The utility is invoked from the command-line as a Python 3 script. The --help
flag is used to obtain usage information:
python3 janrain-dataload.py --help
usage: janrain-dataload.py [-h] [-u APID_URI] [-i CLIENT_ID] [-s CLIENT_SECRET]
[-k CONFIG_KEY] [-d] [-t TYPE_NAME] [-b BATCH_SIZE]
[-a START_AT] [-w WORKERS] [-q QUEUE_SIZE] [-o TIMEOUT]
[-r RATE_LIMIT] [-x]
DATA_FILE
positional arguments:
DATA_FILE full path to the data file being loaded
optional arguments:
-h, --help show this help message and exit
-u APID_URI, --apid_uri APID_URI
Full URI to the Capture API domain
-i CLIENT_ID, --client-id CLIENT_ID
authenticate with a specific client_id
-s CLIENT_SECRET, --client-secret CLIENT_SECRET
authenticate with a specific client_secret
-k CONFIG_KEY, --config-key CONFIG_KEY
authenticate using the credentials defined at a
specific path in the configuration file (eg.
clients.demo)
-d, --default-client authenticate using the default client defined in the
configuration file
-t TYPE_NAME, --type-name TYPE_NAME
entity type name (default: user)
-b BATCH_SIZE, --batch-size BATCH_SIZE
number of records per batch (default: 10)
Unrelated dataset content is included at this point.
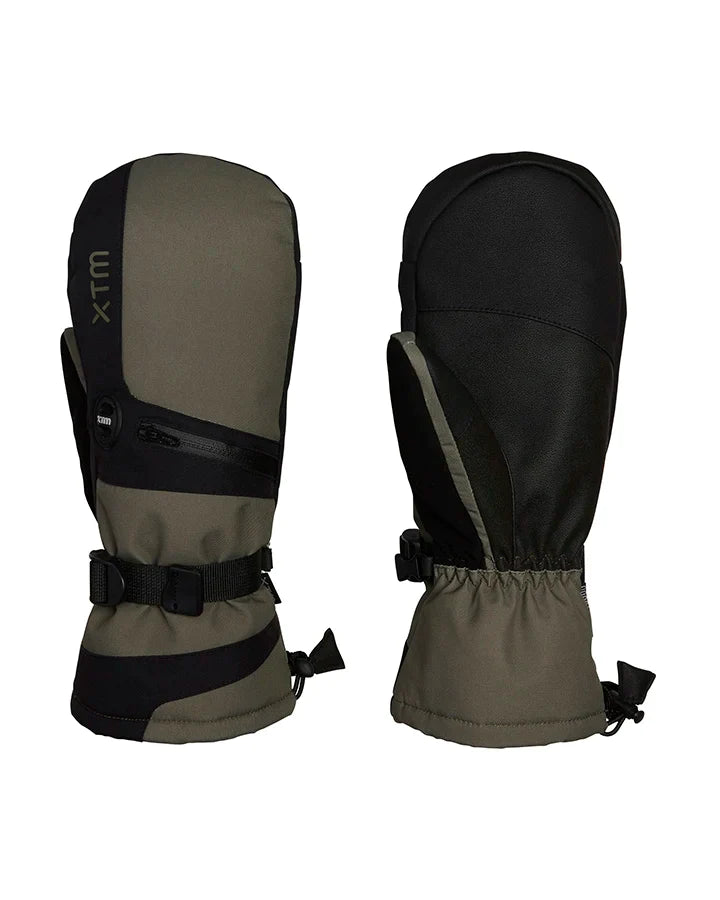 Snow Mitt SAMURAI XTM- Mens, Kalamata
-a START_AT, --start-at START_AT
record number to start at (default: 1)
-w WORKERS, --workers WORKERS
number of worker threads (default: 4)
-q QUEUE_SIZE, --queue-size QUEUE_SIZE
max number of batches queued (default: 25000)
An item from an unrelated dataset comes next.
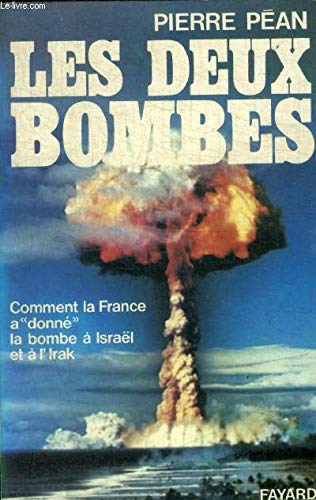 Les deux bombes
-o TIMEOUT, --timeout TIMEOUT
timeout in seconds for API calls (default: 10)
-r RATE_LIMIT, --rate-limit RATE_LIMIT
max API calls per second (default: 1)
-x, --dry-run process data without making any API calls
Some data within the CSV source will need to be transformed before it can be
consumed by the Janrain API. A transformation function can be defined in
dataload/transformations.py
and associated with a column in the CSV file in
janrain-dataload.py
.
Available Transformations
- transform_password - Transforms hashed password from a legacy system into JSON objects which specify the hashing algorithm to use.
- transform_date - Transforms dates from known formats into the Janrain's UTC date format.
- transform_plural - Transforms a JSON string representation of a plural into JSON object representation.
- transform_booleans - Transforms boolean strings into true Boolean types (blank values become NULL)
Custom Transformations
To create a custom transformation, define a new function in
dataload/transformations.py
. For example, if you need to convert apples to
oranges:
def transform_apples(value):
if value == "apples":
return "oranges"
else:
return value
You can then add that transformation to a CSV column using the
add_transformation
method of the CSV reader object in janrain-dataload.py
:
reader.add_transformation("favoriteFruit", transform_apples)
The utility uses the standard Python logging module for both the application log and the result logs.
stdout
- Application log at the INFO log level.log.txt
- Application log (same as stdout) at the DEBUG log level.fail.csv
- Result log for records which failed to get imported.janrain-dataload.log
- Result log for records which were successfully imported.
The formatting, filenames, log level, and other parameters can be configured for
the various loggers using the configuration file logging_config.json
. See the
Python Logging HowTo for details.
- Use automation to generate the test data files to ensure that the exact same processes can generate data files for a production run.
- Adjust date/time values into UTC.
- Fine tune batch sizes with the
--batch-size
argument rather than increasing the--timeout
argument. API calls should not take longer than 10 seconds. - Keep the rate of the data load well under the application rate limit so as not to impact API usage from other sources (especially on production environments).
- Use the
tail -f
command on the result logs to keep an eye on API calls which are failing. If you see the 510 (rate limit) error code you need to reduce the--rate-limit
and/or--workers
arguments. - Running the utility on a very large set of data may take a while. Try running the script from screen session on a server.